PROVIDED DATA:

================

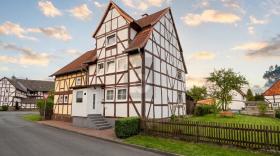 Dom wolnostojący Na sprzedaż w Staufenberg-Göttingen, Niemcy Dom wolnostojący Na sprzedaż w Staufenberg-Göttingen, Niemcy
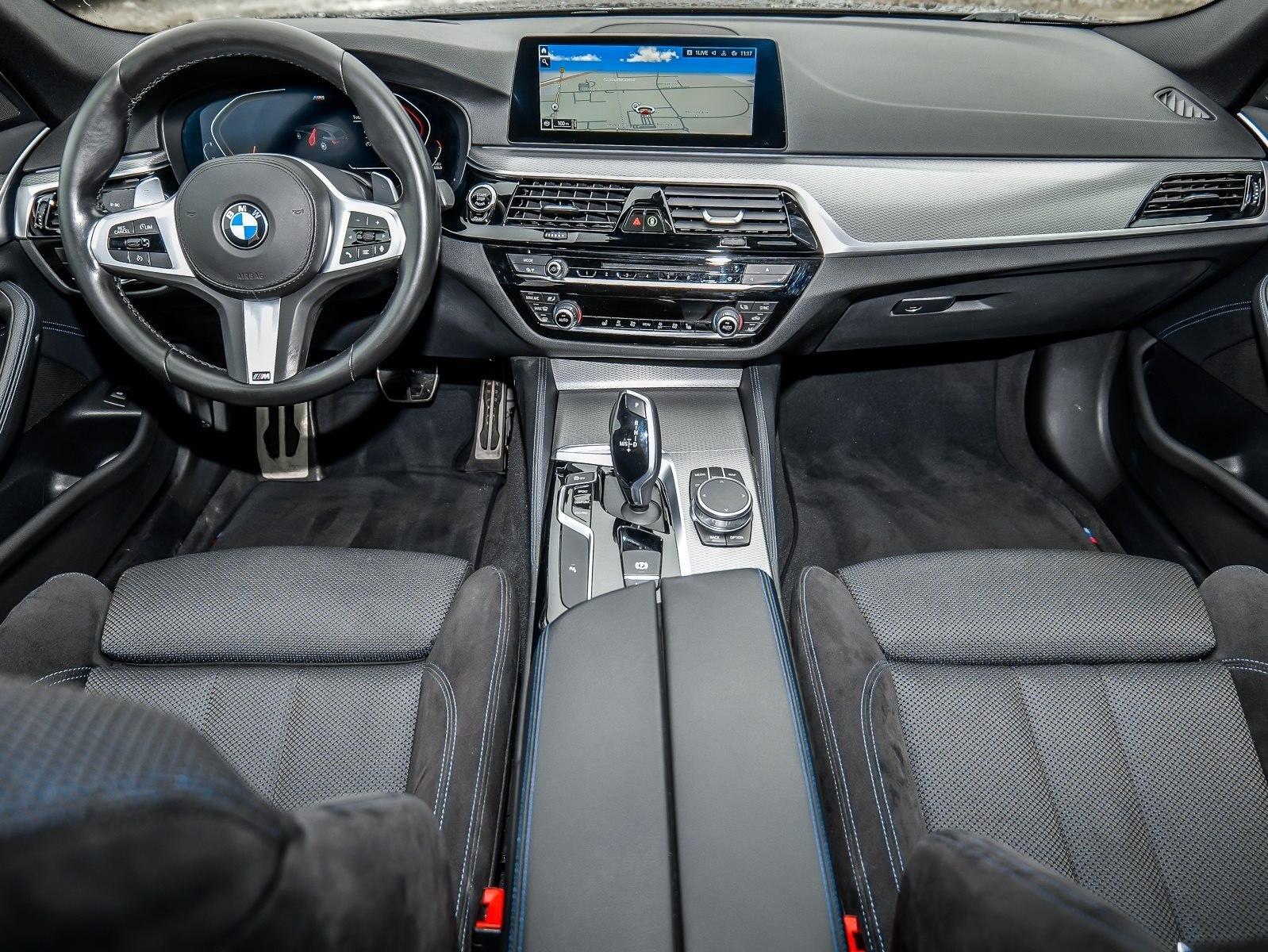 BMW 530d xDrive M Sport HUD PANO RFK NAVI LED LM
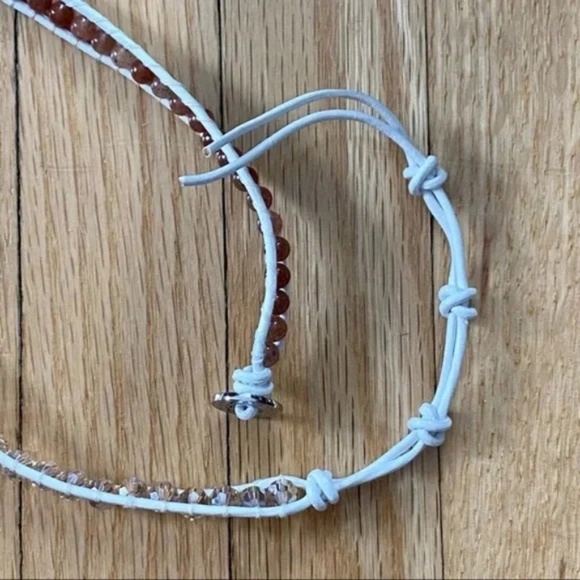 Victoria Emerson 3-Wrap Bracelet Gold & Amber on White - Picture 6 of 8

================

TASK:
The line containing "BMW 530d xDrive" and every line after it, up to the last line of the data, should be returned exactly, without the pictures.

WRITTEN ANSWER:
 BMW 530d xDrive M Sport HUD PANO RFK NAVI LED LM
 Victoria Emerson 3-Wrap Bracelet Gold & Amber on White - Picture 6 of 8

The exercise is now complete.